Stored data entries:
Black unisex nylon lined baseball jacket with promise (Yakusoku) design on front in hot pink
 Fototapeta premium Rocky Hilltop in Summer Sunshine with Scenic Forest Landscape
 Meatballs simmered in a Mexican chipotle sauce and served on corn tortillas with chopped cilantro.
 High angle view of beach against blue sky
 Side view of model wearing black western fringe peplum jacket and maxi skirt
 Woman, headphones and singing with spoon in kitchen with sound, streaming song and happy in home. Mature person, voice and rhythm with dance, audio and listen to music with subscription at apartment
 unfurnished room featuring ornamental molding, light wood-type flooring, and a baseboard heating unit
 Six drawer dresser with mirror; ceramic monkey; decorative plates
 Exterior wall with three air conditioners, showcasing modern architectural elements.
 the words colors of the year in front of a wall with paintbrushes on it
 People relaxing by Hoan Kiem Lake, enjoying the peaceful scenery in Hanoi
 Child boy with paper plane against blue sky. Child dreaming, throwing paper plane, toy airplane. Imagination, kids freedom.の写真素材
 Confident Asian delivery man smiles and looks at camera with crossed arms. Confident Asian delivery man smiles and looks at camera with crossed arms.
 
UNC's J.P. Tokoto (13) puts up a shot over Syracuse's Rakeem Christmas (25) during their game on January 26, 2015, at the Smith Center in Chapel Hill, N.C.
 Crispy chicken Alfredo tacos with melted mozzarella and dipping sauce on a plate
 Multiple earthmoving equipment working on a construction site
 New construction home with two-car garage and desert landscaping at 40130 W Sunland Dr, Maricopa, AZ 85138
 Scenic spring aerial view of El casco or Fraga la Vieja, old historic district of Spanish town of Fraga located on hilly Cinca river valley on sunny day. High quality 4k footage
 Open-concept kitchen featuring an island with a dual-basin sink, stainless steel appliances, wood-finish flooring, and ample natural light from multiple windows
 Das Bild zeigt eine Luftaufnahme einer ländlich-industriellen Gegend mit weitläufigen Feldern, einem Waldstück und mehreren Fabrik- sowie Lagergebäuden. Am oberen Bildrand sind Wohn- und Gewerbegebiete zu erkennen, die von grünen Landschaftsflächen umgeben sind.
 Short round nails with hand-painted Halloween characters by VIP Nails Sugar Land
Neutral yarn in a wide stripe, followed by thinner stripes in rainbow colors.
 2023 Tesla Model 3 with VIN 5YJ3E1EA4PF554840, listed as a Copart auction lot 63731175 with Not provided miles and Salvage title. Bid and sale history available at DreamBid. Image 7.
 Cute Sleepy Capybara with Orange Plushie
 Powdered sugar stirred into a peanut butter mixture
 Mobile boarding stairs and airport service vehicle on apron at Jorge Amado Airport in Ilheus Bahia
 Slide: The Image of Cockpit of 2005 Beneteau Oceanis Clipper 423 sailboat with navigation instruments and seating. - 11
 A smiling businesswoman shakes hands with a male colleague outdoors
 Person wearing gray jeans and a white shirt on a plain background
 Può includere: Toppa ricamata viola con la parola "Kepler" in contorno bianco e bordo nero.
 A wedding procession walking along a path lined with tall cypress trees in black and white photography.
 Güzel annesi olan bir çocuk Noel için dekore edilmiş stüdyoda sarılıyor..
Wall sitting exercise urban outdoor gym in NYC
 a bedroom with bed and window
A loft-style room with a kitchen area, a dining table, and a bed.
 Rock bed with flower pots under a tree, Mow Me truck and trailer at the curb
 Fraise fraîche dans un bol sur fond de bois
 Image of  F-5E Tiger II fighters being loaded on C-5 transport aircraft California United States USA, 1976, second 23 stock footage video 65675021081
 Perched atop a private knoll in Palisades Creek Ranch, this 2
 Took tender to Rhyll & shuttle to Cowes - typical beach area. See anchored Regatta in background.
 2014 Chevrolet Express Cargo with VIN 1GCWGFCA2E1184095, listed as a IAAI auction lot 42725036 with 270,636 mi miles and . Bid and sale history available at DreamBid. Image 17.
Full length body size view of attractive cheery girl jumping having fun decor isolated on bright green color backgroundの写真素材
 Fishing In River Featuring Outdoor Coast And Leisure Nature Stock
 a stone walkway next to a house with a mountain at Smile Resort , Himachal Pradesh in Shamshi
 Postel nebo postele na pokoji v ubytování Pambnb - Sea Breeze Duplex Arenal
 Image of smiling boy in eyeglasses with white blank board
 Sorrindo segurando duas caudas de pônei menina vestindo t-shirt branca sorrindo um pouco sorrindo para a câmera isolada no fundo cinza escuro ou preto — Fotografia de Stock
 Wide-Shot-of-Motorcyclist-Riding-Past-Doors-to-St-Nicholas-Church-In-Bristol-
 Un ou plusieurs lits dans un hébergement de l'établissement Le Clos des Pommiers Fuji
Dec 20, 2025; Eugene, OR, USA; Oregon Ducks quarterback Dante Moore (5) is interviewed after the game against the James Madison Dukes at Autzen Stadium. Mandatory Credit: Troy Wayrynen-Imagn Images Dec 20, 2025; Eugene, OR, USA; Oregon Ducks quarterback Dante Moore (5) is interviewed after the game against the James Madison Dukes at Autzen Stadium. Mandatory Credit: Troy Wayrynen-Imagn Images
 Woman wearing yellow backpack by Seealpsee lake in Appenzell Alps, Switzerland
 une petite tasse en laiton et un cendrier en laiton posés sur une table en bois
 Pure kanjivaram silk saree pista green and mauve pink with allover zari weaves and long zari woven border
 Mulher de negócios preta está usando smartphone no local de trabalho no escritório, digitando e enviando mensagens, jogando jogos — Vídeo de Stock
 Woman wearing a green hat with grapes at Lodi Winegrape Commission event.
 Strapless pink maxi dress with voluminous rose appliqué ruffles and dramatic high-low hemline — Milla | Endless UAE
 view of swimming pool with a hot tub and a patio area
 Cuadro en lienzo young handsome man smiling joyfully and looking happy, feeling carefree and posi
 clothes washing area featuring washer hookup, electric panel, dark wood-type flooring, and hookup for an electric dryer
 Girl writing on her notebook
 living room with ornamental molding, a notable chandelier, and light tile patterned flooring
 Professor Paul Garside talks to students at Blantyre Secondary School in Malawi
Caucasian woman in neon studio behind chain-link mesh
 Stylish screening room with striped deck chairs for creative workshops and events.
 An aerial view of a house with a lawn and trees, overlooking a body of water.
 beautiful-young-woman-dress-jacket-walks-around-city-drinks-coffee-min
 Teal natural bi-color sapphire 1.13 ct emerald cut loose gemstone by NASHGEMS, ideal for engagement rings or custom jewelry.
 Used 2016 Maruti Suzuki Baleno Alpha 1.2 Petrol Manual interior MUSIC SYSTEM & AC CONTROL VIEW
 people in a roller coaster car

#### [Work task]
Look above for the line containing "Woman wearing yellow" and the line containing "Pure kanjivaram silk". Transcribe both, with the lines between them, exactly.

#### [Result for this exercise]
 Woman wearing yellow backpack by Seealpsee lake in Appenzell Alps, Switzerland
 une petite tasse en laiton et un cendrier en laiton posés sur une table en bois
 Pure kanjivaram silk saree pista green and mauve pink with allover zari weaves and long zari woven border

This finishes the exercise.